___ Record set

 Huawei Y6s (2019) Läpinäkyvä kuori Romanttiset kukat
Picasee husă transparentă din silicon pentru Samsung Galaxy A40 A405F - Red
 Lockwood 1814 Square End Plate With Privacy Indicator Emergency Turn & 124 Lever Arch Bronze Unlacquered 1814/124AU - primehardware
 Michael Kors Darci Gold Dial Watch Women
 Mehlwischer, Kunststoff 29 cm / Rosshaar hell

______
___ Record set

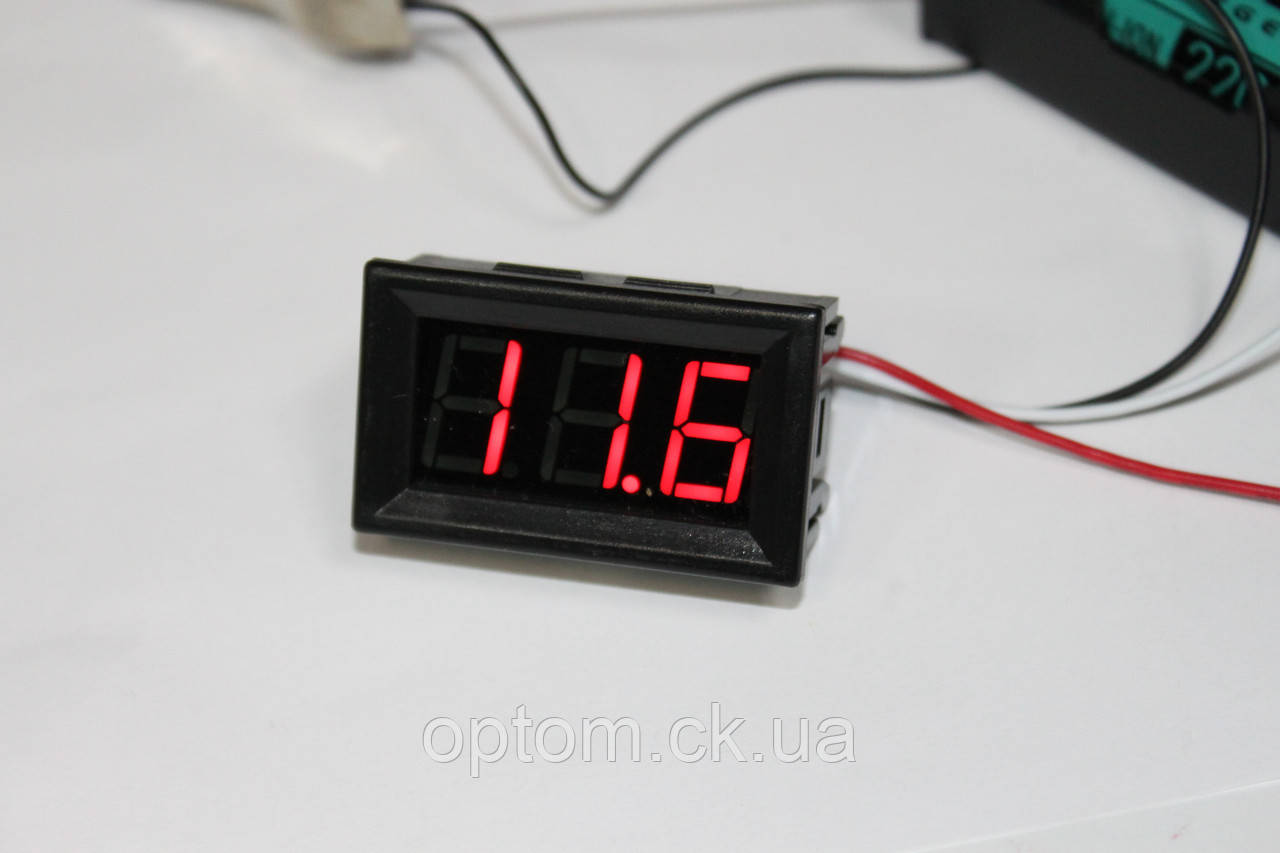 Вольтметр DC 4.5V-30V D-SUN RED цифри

______
___ Record set

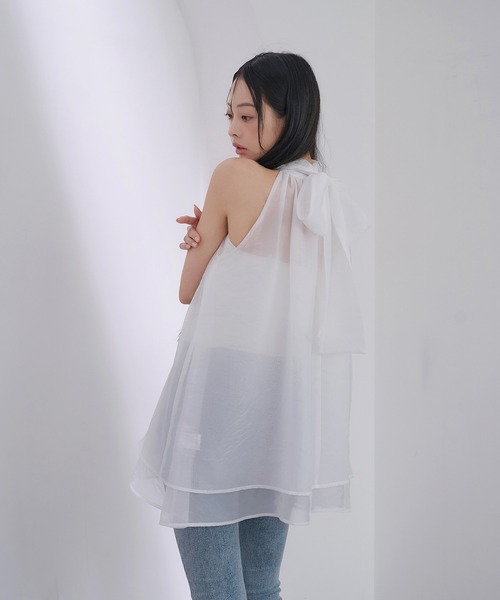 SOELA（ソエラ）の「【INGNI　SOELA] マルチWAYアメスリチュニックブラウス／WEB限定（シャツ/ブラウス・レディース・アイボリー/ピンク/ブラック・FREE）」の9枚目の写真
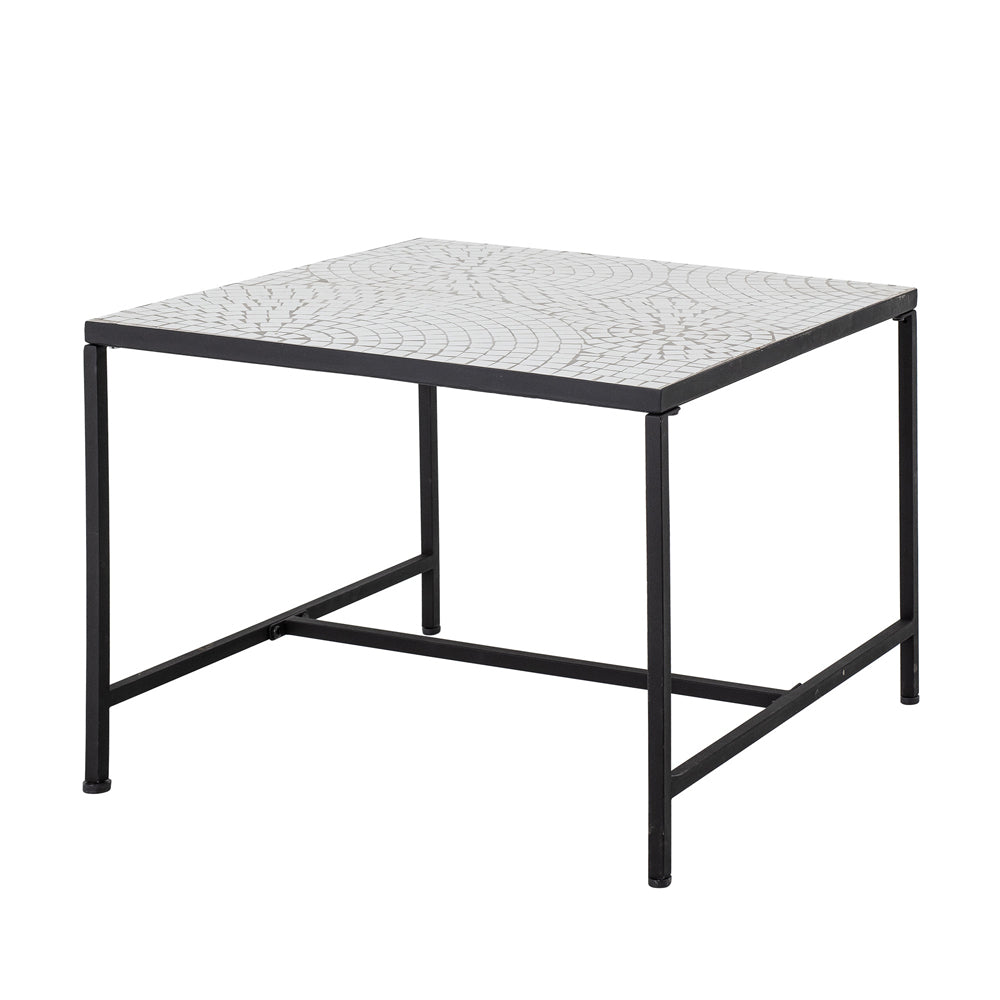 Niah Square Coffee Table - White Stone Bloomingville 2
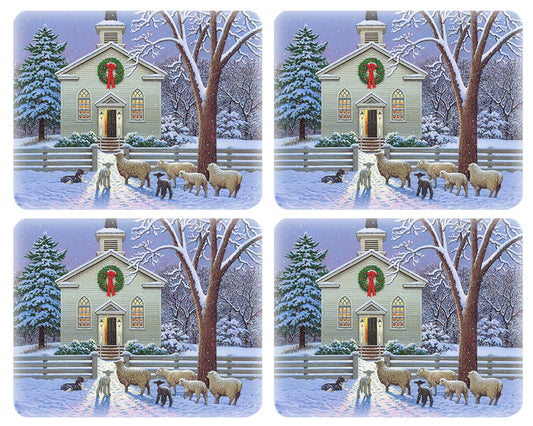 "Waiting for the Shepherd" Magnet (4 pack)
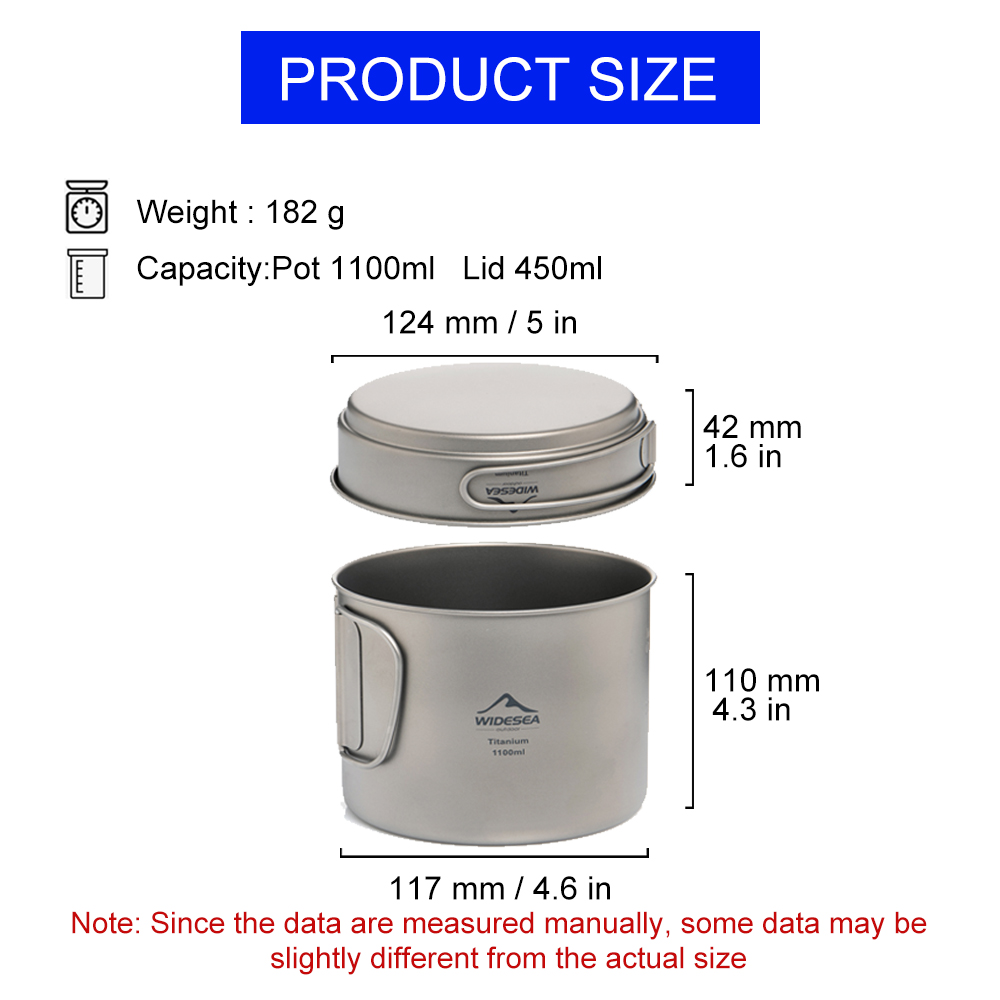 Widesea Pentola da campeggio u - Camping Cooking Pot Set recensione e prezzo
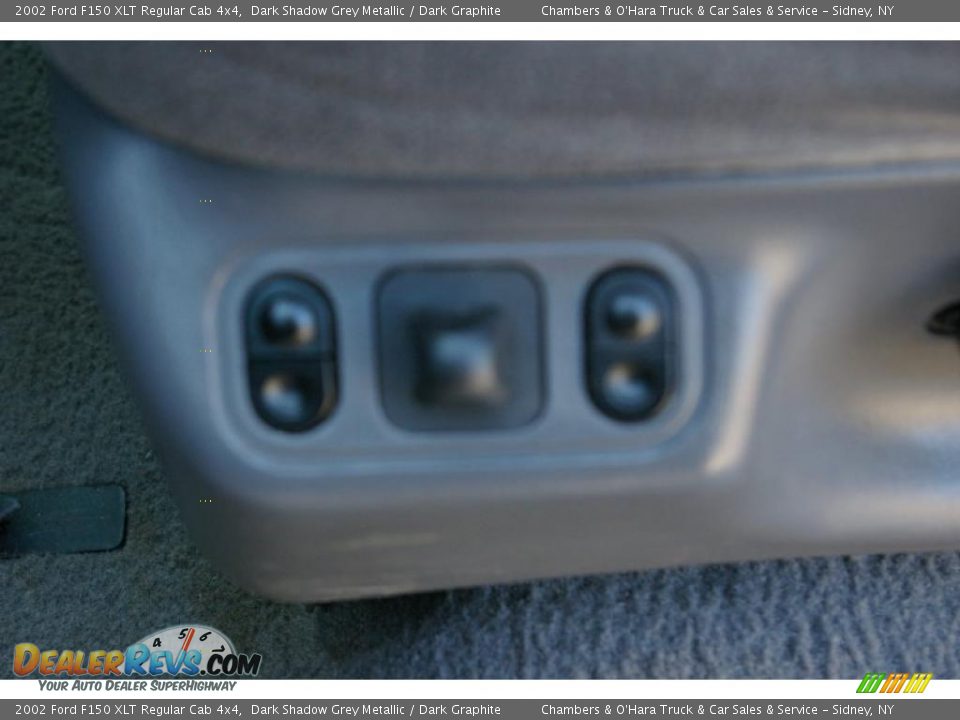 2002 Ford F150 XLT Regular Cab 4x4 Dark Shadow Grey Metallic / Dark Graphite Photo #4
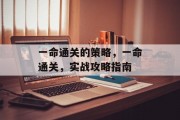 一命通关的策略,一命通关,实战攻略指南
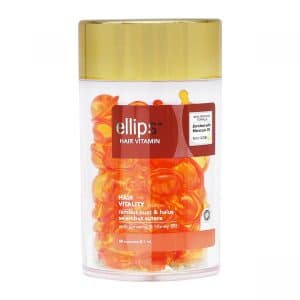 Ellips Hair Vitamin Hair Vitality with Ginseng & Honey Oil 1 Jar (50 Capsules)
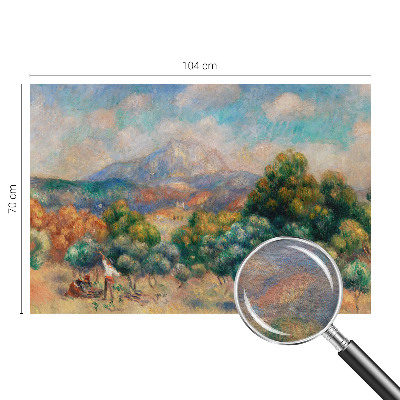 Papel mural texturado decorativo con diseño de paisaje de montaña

______

◆ What to work on:
Using the entries above, extract exactly the span from the line with "Picasee husă transparentă" to the line with "Mehlwischer, Kunststoff 29", both lines included; leave out everything else.

◆ Response box:
Picasee husă transparentă din silicon pentru Samsung Galaxy A40 A405F - Red
 Lockwood 1814 Square End Plate With Privacy Indicator Emergency Turn & 124 Lever Arch Bronze Unlacquered 1814/124AU - primehardware
 Michael Kors Darci Gold Dial Watch Women
 Mehlwischer, Kunststoff 29 cm / Rosshaar hell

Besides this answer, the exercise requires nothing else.